In the Emerging Markets, as living standards increase there is likely to be more flights per capita as the various economies grow, however, the correlation may not be the case for developed economies.
In the Africa and Middle East region, Revenue Passenger Kilometers (RPKs) are well above the industry average of 4.6%. In May 2016 Middle East recorded a y/y growth of 11.2% and Africa 8.6%.
Cargo performance has not been the best so far, globally growth in Freight Tonne Kilometers (FTKs) has grown slightly at 0.9% y/y. FTKs in Africa stand at a mere 0.3% y/y growth while in the Middle East growth stands at 3.2% y/y.
The main reason for the decline in FTKs y/y in the African Market is due to declining business with Europe, the largest market.
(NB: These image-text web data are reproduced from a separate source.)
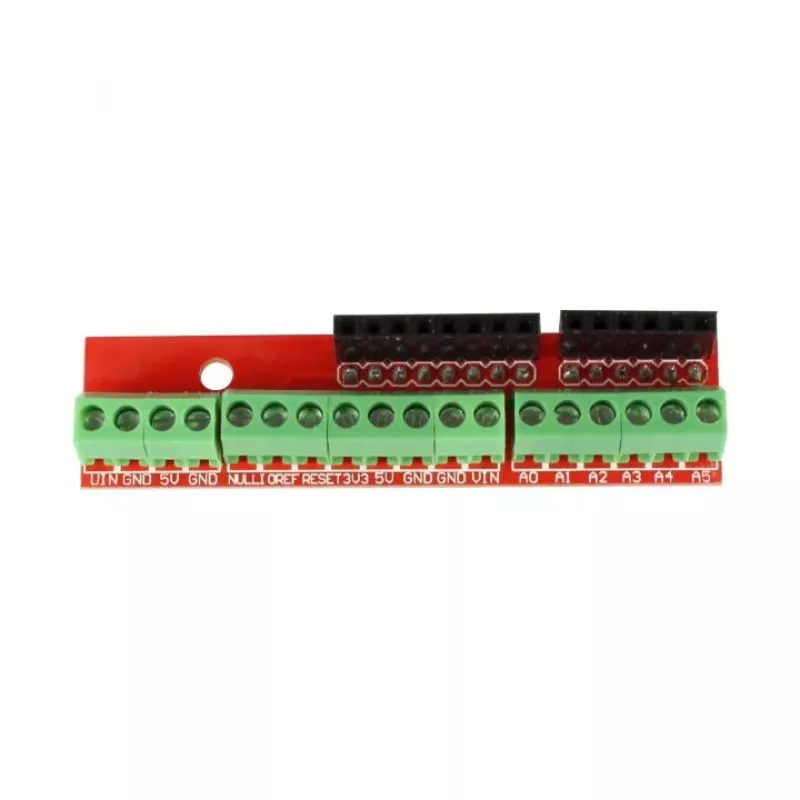 ALLNET 4duino Screw Shield V2 expansionskort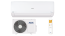 Сплит-система AUX Q Light Inverter ASW-H18A4/QH-R1DI AS-H18A4/QH-R1DI, Новороссийск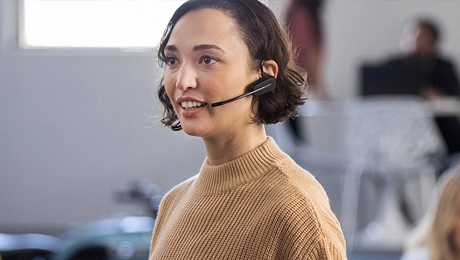 Deskphone / Office headsets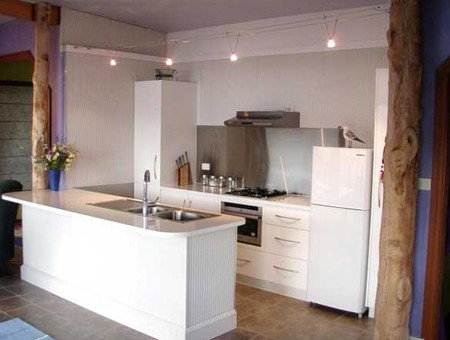 Larus Waterfront Cottage - C Tourism 4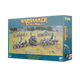 Empire of Man: Battalion-Games Workshop-Radaddel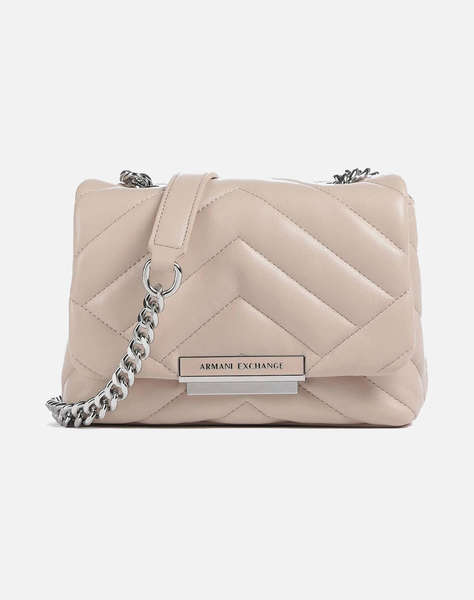 ARMANI EXCHANGE MINI BAG (Размери: 17.5 x 8 x 12см.)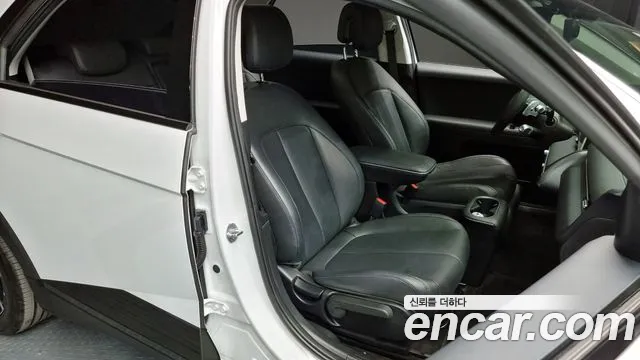 Hyundai Ionic 5 id 2729752 из Кореи 13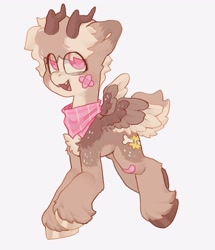 Size: 1762x2048 | Tagged: safe, artist:p0nyplanet, imported from derpibooru, oc, oc only, pegasus, pony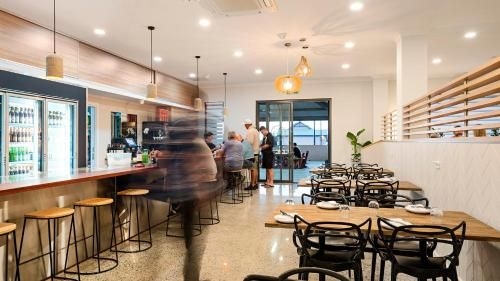 Geraldton Motor Inn4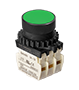 Green Control Switch (S3PR-P1G3B)
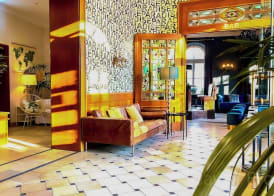 Boutique Hotel Krone München 4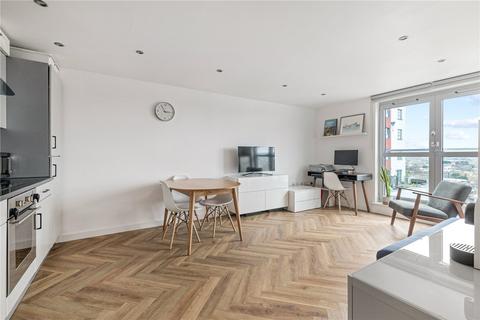 2 bedroom apartment for sale - Balmes Road, London, N1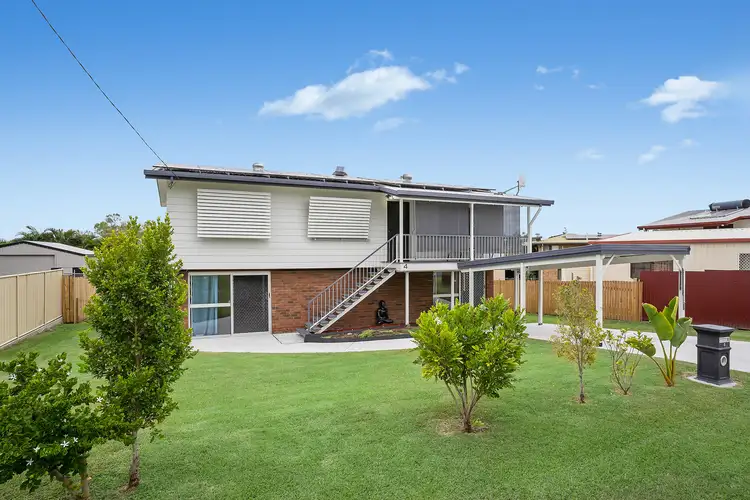 4 Sunrise Crescent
This may be an indicator of the current economic situation in Europe.
Q1 2016 Earnings before Interest and Tax (EBIT) margins in Africa and Middle East improved and outperformed the benchmark with an average 8.7% margin against the industry’s 8.0%.
Kenya Airways Financial Highlights
For the fiscal year ended 31 March 2016, Kenya Airways revenues increased 5% to KES116.16B compared to the previous year. 2016 revenues are the highest the airline has ever touched.
Passenger numbers stood at 4.23 million, this further shows that topline performance is still solid given that the overall economic environment is quite tough.
In terms of operations the Airline made an operating loss of KES 4B an improvement from 2015’s 16.3B loss which was one of the worst performance in the airline’s history. In as much as the airline is still in loss making territory they have improved from the previous year’s position. The last time Kenya Airways made profits was for the fiscal year ending 31 March 2012. Overhead costs have been generally high which need to be kept at a minimum.
Losses on fuel derivatives arose in FY15 and FY16 due to general oil price declines since 2015 to date that has put the airline in a severe ‘out-of-the-money’ position. The Chief Executive of the Airline told Business Daily (Kenyan business media house) that, “My position is that we have put on hold new hedging contracts, no contract was entered this year. The existing ones were entered much earlier.” With that in mind we expect Kenya Airways has ceased this hedging operation and would strip it out in their operating activities going forward.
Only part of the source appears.